We now show correctness. Let $\mathcal W$ be the set of all subwords of the Thue-Morse sequence. Firstly, it is easy to show that $\mathcal W$ contains every word of length at most $2$, that $\mathcal W$ does not contain $000$ or $111$ (as any $0$ in the Thue-Morse sequence must have a $1$ next to it, and any $1$ must have a $0$ next to it), and that it contains every $3$- and $4$-character word without a $000$ or $111$ subword. It may not contain $01010$ or $10101$, as these can only be generated using the rules $0\to 01$ and $1\to 10$ via starting with a $000$ or $111$ string. So, the algorithm behaves correctly on those words accepted or rejected in steps 0 and 1.

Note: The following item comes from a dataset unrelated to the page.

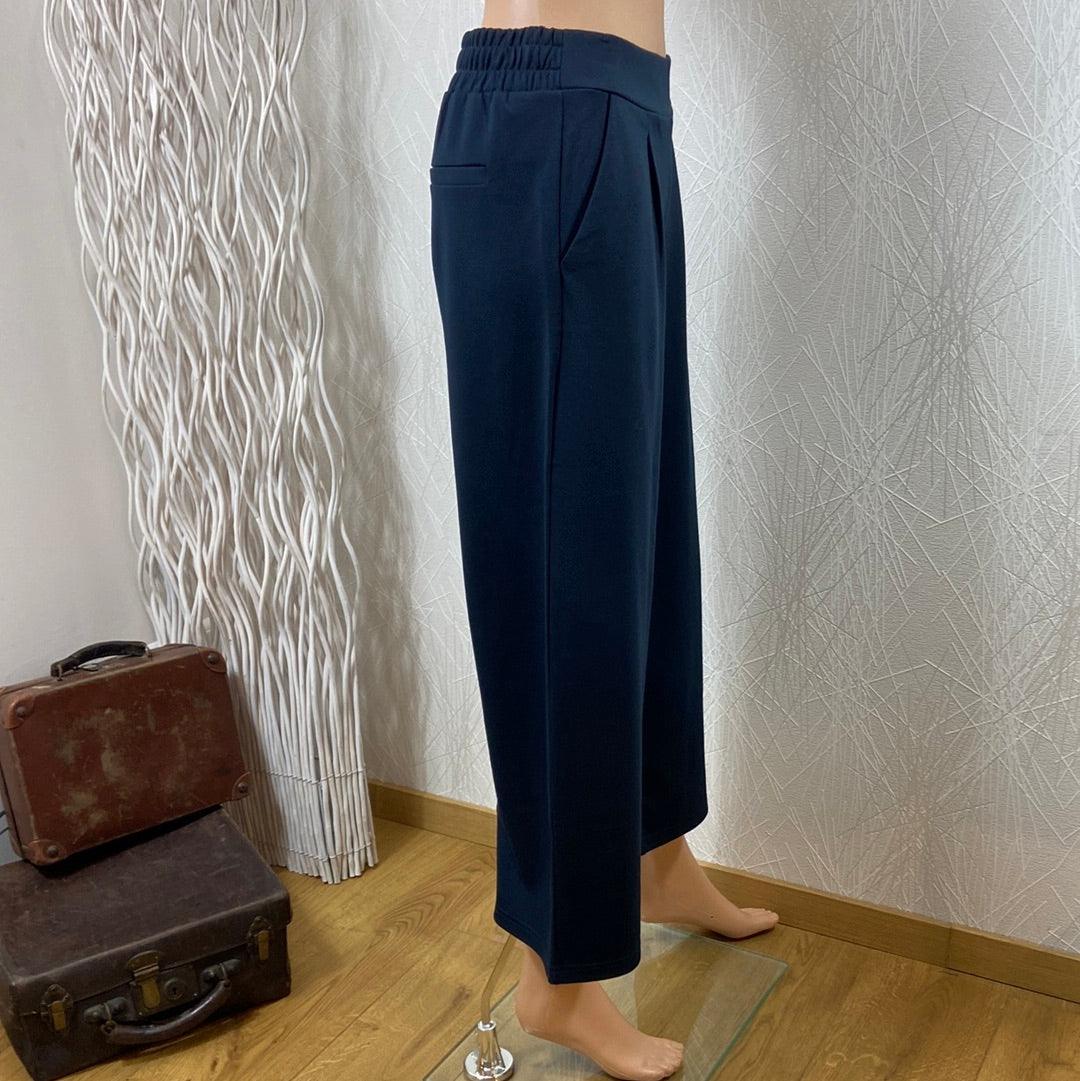 Pantalon ample évasé 7/8 bleu marine taille haute élastique Ihkate Wide Ichi - Offre-Unique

For steps 2 and 3, we see that, for a word $w$ to be in $\mathcal W$, it must occur at an even index or at an odd index in the Thue-Morse sequence. If it occurs at an even index, then it must begin with $01$ or $10$, then follow with a $01$ or $10$, et cetera; if $n$ is odd, a character distinct from its final character must follow it. Similarly, if $w$ occurs at an odd index, it must be preceded by a character distinct from its first character; after this, there must be a $01$ or $10$, et cetera. So, $w_1$ and $w_2$ as constructed represent the possible ways for $w$ to be contained in a minimal even-length even-index subword of the Thue-Morse sequence. If these are both in $\{01,10\}^*$, then $w$ must consist of alternating $0$s and $1$s, and so it would already have been dealt with in step 1. On the other hand, if some $w_i$ for $i\in\{1,2\}$ is formed by $01$s and $10$s, then the only way for $w$ to be in some iteration $k$ of the Thue-Morse sequence is for the word $x$ as constructed to be in iteration $k-1$ of the sequence. So, $w\in\mathcal W$ if and only if $x\in\mathcal W$, and we can apply the algorithm recursively to get a correct result.